Sex in Christian Marriage
We love to ask couples, 'What is the purpose of marriage?' Some
of you may already be coming up with all kinds of answers in your
head: sex, procreation, companionship, fun. Or if you're really
spiritual, you might be saying that the purpose of marriage is to
become like Christ.
believe the purpose of marriage is to be one. It's not the sex;
it's not the fun; it's not the companionship; it's not the sugar
daddy or the mommy dearest. It is much more than that: the purpose
of marriage is to be one.
Some of you reading this might not be followers of Jesus. If that
is the case, we hope you are pursuing what it means to follow him.

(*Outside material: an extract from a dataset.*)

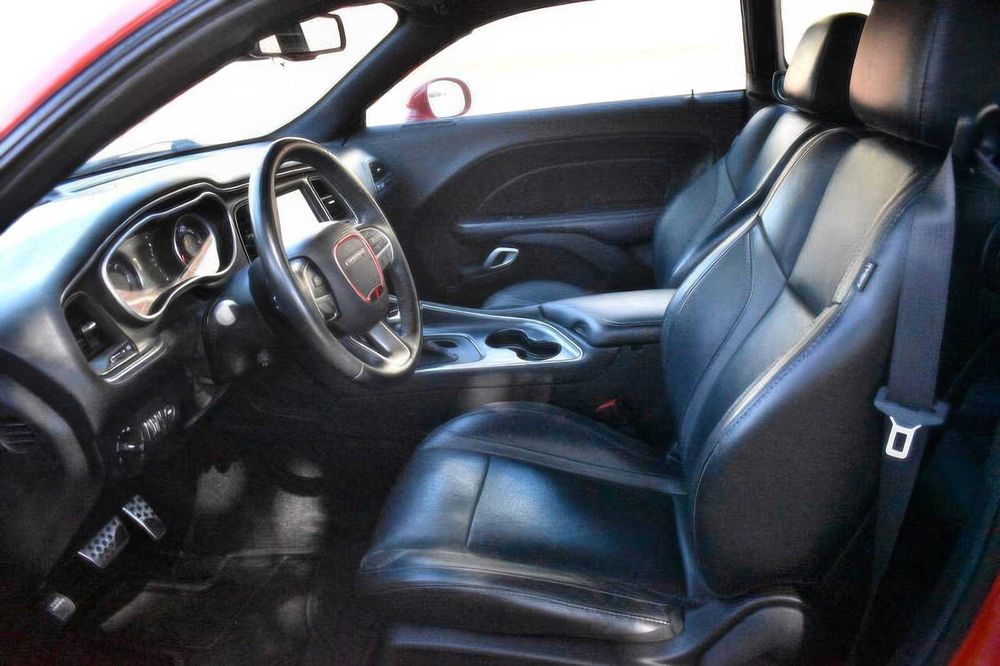 Dodge Challenger      2020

But for those who are passionate followers of Jesus Christ, as Laura
and I are, you know that if he tells us the purpose of marriage,
then that should be the purpose. Case closed. The purpose of marriage,
according to Jesus Christ himself, is to be one.

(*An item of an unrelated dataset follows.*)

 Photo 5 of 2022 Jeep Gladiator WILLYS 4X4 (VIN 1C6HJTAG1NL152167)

The Difference between Oneness and Being One
When we use the phrase being one, most Western minds think oneness,
but the two are very different. Oneness is the perception that comes
from sharing daily duties together. Being one is a state of the
heart, soul, and mind.
When we discussed the difference between oneness and being one with
our good friend Terre Grable, who is a professional counselor, she
told us about a counseling technique she uses with couples. Terre
talks to many couples who have not mastered what she terms the 'institutional
aspects' of marriage: figuring out who is going to assume which
roles within the union (who is going to pay the bills, mow the lawn,
bathe the kids, etc.).
We took that idea and discovered that a great way to discern the
difference between oneness and being one is to understand the difference
between the institutional aspects of marriage and the mysterious
aspects of marriage. As we look at couples practicing the institution,
we find people who live in the same house, pay the same bills, raise
the same kids, maybe even go to the same movie together. While practicing
these institutional aspects of marriage may bring a feeling of oneness,
it does not constitute being one.
This is why so many couples wonder, 'Is this really all there is
to marriage?' This thought is the breeding ground for affairs. Men
and women begin looking for fulfillment elsewhere because they have
not become one with their spouse.
While the institution of marriage is mostly practical-figuring out
who will pay the bills, do the grocery shopping, mow the lawn, and
clean the house-the mystery of marriage is more of an art. The art
is revealed as we discover the heart, soul, and mind of our spouse
and, at the same time, reveal ours in order to probe the depths
of emotion, character, and love, which is truly being one.
It is our conviction that becoming one will never happen in the
church, nor will it ever happen in our families, until it first
happens in our marriages. Marriage is the model for the church,
not the church for marriage. Marriage is the simplest form of church.